2024 Fishing Licenses, Permits for Sale Now

Fishing licenses, permits and vouchers for 2024 purchased now are valid immediately through Dec. 31, 2024. The price of an annual resident fishing license is $27.97. Multi-year options are also available in increments of three years, five years or 10 years.

They can be purchased through the HuntFishPA online portal on the Pennsylvania Fish and Boat Commission website, via smartphone by using the FishBoatPA mobile app or by visiting a retail license issuing agent.

Vouchers that can be given as gifts and are redeemable by recipients are also available.

Don’t Get Scammed This Holiday Season

Sadly, just as the holiday season is often a charitable time, there are people hoping to take advantage by scamming others.

From email and text phishing to delivery stealing to credit card skimming and more, there are so many ways to fall prey. Learn more about the common scams criminals use.

Protect yourself and your family by setting up alerts with your credit card company so you know when purchases are made and avoid paying with a prepaid gift card, CashApp or Venmo to buy a gift online.
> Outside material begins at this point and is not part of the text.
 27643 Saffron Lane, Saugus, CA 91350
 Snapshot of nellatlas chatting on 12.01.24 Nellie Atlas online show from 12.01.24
Never use Alexa to find a customer support number and dial for you or click on a hyperlink in an email, social media ad or text message to make a purchase. Instead, go directly to the store’s website.

Celebrating Bill of Rights Day

Friday, Dec. 15, is Bill of Rights Day, when we recognize how the first 10 amendments to the Constitution give us rights that are uniquely American. For 232 years, these amendments have given us the right to speak our mind, defend our families and worship as we see fit.

We hold those liberties – and the others that make up the Bill of Rights – dear and cherish how they impact our daily life as the true framework of our society.

Bill of Rights Day was first observed on the document’s 150th anniversary when former President Franklin D. Roosevelt issued a proclamation dedicating Dec. 15 as the day to recognize our God-given rights.